2023-11-02 11:29:26

by Uros Bizjak

[permalink] [raw]
Subject: [PATCH 0/3] Fix and unify call thunks assembly snippets

Currently INCREMENT_CALL_DEPTH and thunk debug macros explicitly
define %gs: segment register prefix for their percpu variables.
This is not compatible with !CONFIG_SMP, which requires non-prefixed
percpu variables.

Contrary to alternatives, relocations are currently not supported in
call thunk templates. Support for relocations will be needed when
PER_CPU_VAR macro switches to %rip-relative addressing.

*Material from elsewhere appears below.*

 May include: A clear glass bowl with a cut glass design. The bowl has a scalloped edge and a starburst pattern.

Due to unsupported relocations, two variants of INCREMENT_CALL_DEPTH
macro are needed, ASM_ prefixed that allows relocations and
non-prefixed version that allows only absolute addresses.

The following patch series fixes above issues by

a) Moving call thunk template to its own callthunks-tmpl.S assembly file
where PER_CPU_VAR macro from percpu.h can be used to conditionally
use %gs: segment register prefix, depending on CONFIG_SMP.

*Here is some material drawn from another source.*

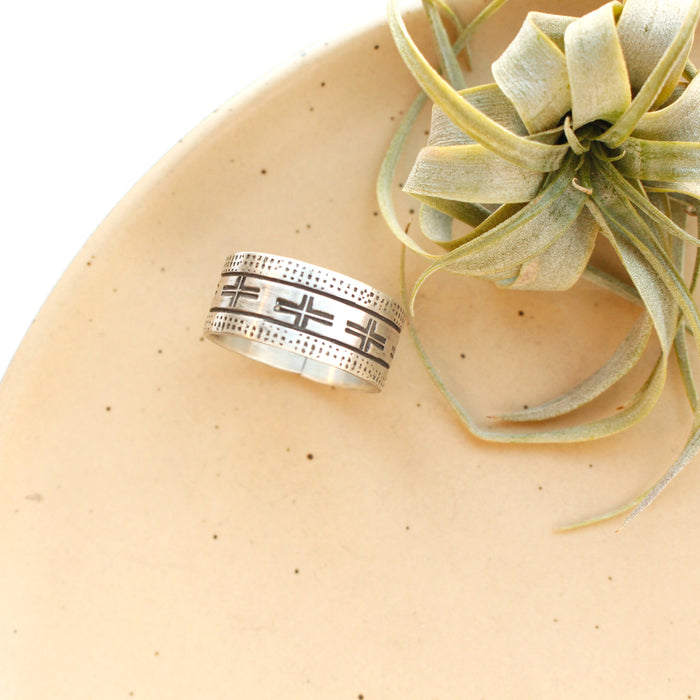 The stamped linear and cross band ring is styled on a tan plate with an air plant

b) Implementing minimal support for relocations when copying call thunk
template from its storage location to handle %rip-relative addresses.

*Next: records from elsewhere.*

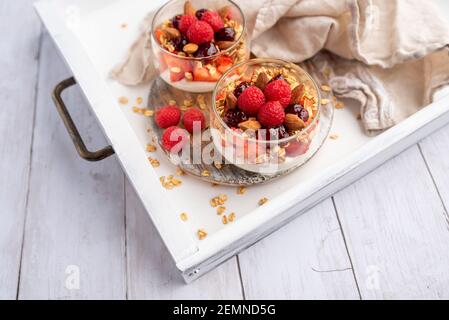 Greek yogurt raspberry parfaits in glass jars, small healthy dessert Stock Photo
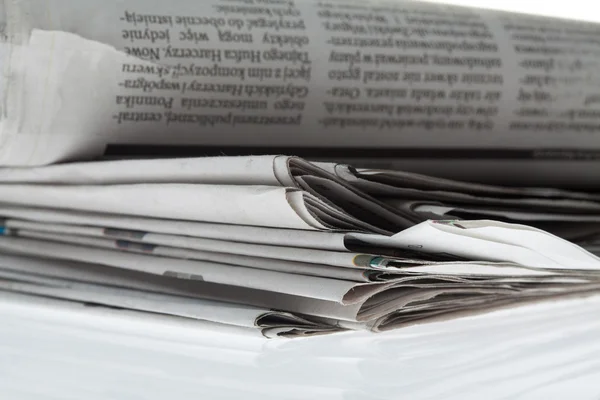 Newspapers folded and stacked concept — Stock Photo, Image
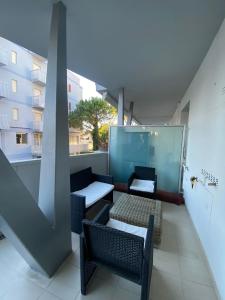 Un balcón con 2 mesas y sillas en un edificio en Residence La Settima, en Milano Marittima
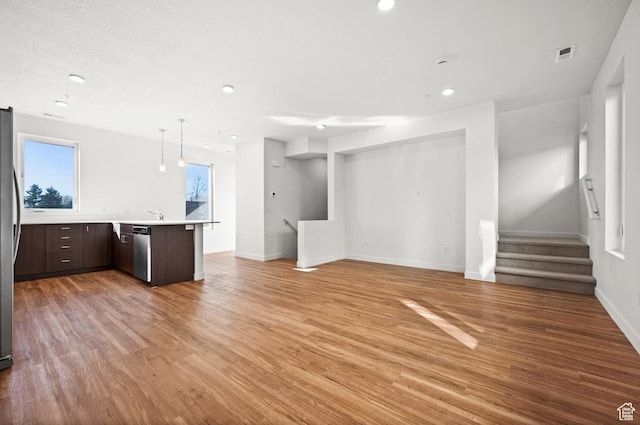 1034 W 1700 S Unit 124, Salt Lake City, UT 84104 - unfurnished living room featuring light wood-type flooring, recessed lighting, and stairway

c) Fixing call thunks debug macros to use PER_CPU_VAR macro from
percpu.h to conditionally use %gs: segment register prefix, depending
on CONFIG_SMP.

d) Unifying ASM_ prefixed assembly macros with their non-prefixed
variants. With support of %rip-relative relocations in place, call
thunk templates allow %rip-relative addressing, so unified assembly
snippet can be used everywhere.

The patch is independent of main percpu series in -tip tree.

Cc: Thomas Gleixner <[email protected]>
Cc: Ingo Molnar <[email protected]>
Cc: Borislav Petkov <[email protected]>
Cc: Dave Hansen <[email protected]>
Cc: "H. Peter Anvin" <[email protected]>
Cc: Peter Zijlstra <[email protected]>

Uros Bizjak (3):
x86/callthunks: Move call thunk template to .S file
x86/callthunks: Handle %rip-relative relocations in call thunk
template
x86/callthunks: Fix and unify call thunks assembly snippets

arch/x86/include/asm/nospec-branch.h | 23 +++------
arch/x86/kernel/Makefile | 2 +-
arch/x86/kernel/callthunks-tmpl.S | 11 +++++
arch/x86/kernel/callthunks.c | 73 +++++++++++++++++++++-------
4 files changed, 75 insertions(+), 34 deletions(-)
create mode 100644 arch/x86/kernel/callthunks-tmpl.S

--
2.41.0


2023-11-02 11:29:59

by Uros Bizjak

[permalink] [raw]
Subject: [PATCH 3/3] x86/callthunks: Fix and unify call thunks assembly snippets

Currently thunk debug macros explicitly define %gs: segment register
prefix for their percpu variables. This is not compatible with
!CONFIG_SMP, which requires non-prefixed percpu variables.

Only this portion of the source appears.